Task directions. Quote exactly, and only, the lines of the material below from the line with "Silky Terrier Found" through the line with "Costa norte de".
[Record set]
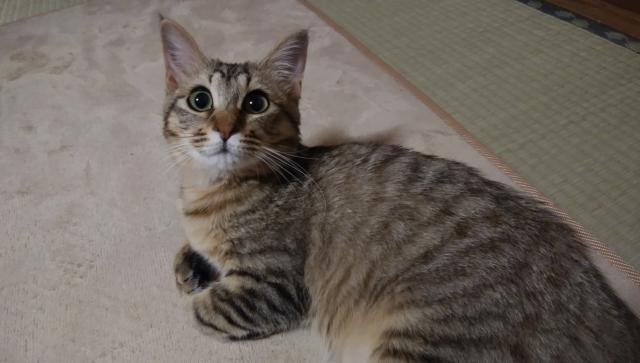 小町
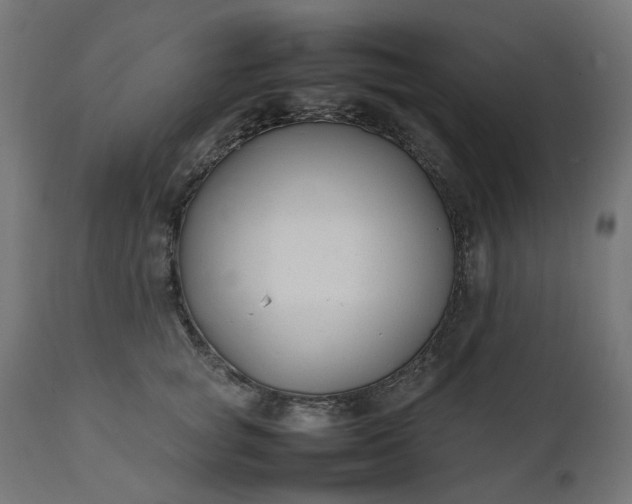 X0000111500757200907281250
[/Record set]
[Record set]
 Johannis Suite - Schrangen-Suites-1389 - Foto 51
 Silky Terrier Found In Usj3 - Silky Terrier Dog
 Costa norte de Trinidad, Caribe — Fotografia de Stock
[/Record set]
Response to the task.
 Silky Terrier Found In Usj3 - Silky Terrier Dog
 Costa norte de Trinidad, Caribe — Fotografia de Stock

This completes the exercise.